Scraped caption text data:
--- START ---

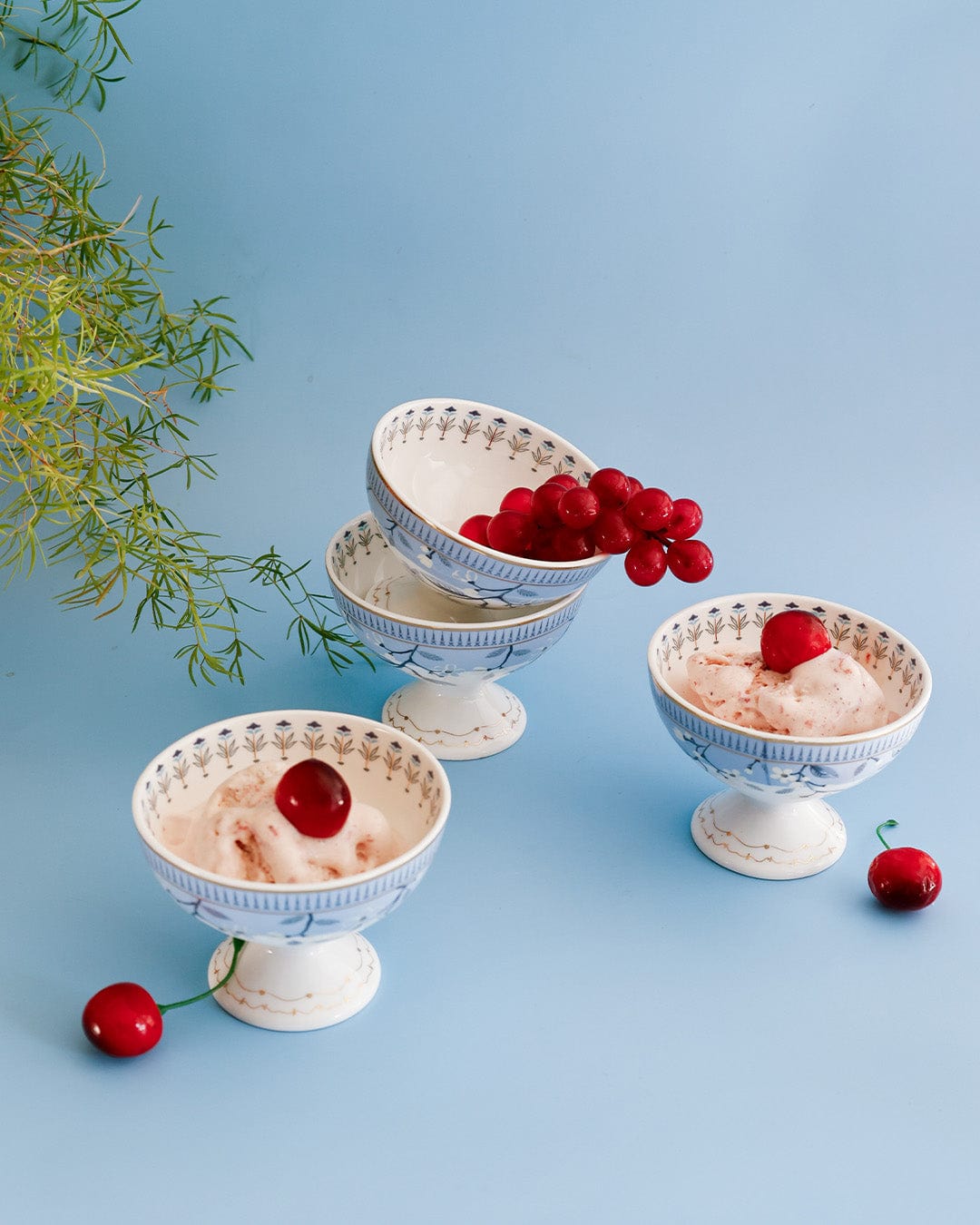 Magique by The Wishing Chair: River of Flowers Dessert Cups - Set of 4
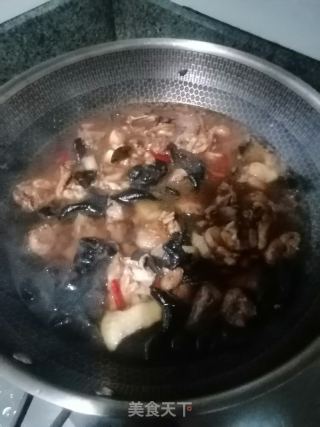 木耳烧土鸡的做法步骤：4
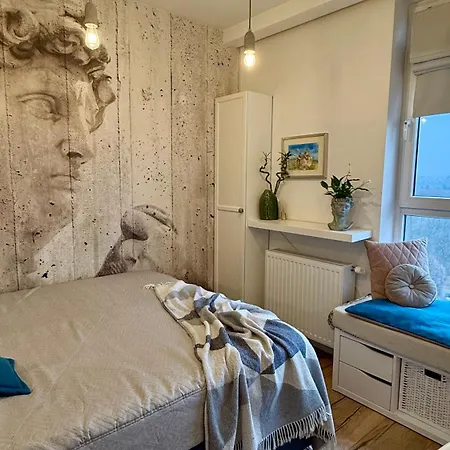 Exclusive Jacuzzi Penthouse With Garage Apartment *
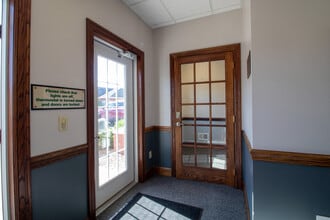 115-151 SULLYS Trl, Pittsford, NY à louer Photo intérieure- Image 2 de 16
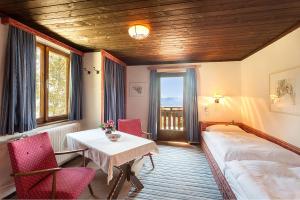 Posteľ alebo postele v izbe v ubytovaní Berghotel Blaickner's Sonnalm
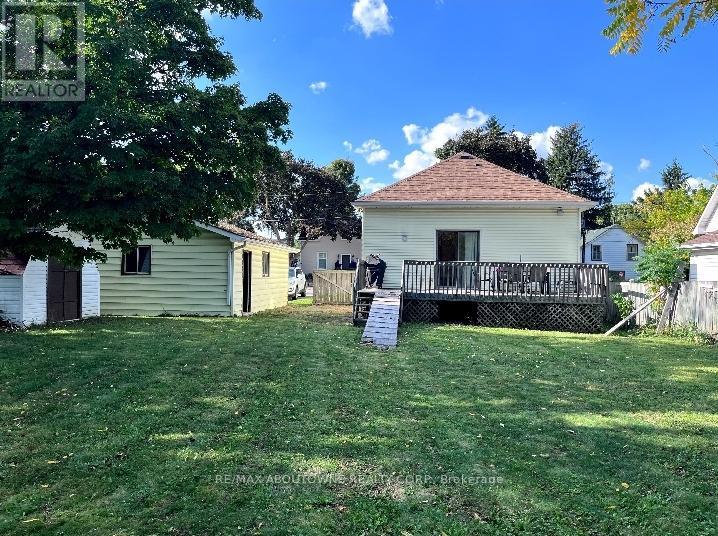 88 Robert Street, Milton, Ontario  L9T 1G8 - Photo 9 - W12447493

--- END ---

* _Exercise directions_: Write out only the lines from the one that contains "115-151 SULLYS Trl, Pittsford, NY" through the last line of the records above, both included, word for word and without the pictures.

* _Exercise output_:
 115-151 SULLYS Trl, Pittsford, NY à louer Photo intérieure- Image 2 de 16
 Posteľ alebo postele v izbe v ubytovaní Berghotel Blaickner's Sonnalm
 88 Robert Street, Milton, Ontario  L9T 1G8 - Photo 9 - W12447493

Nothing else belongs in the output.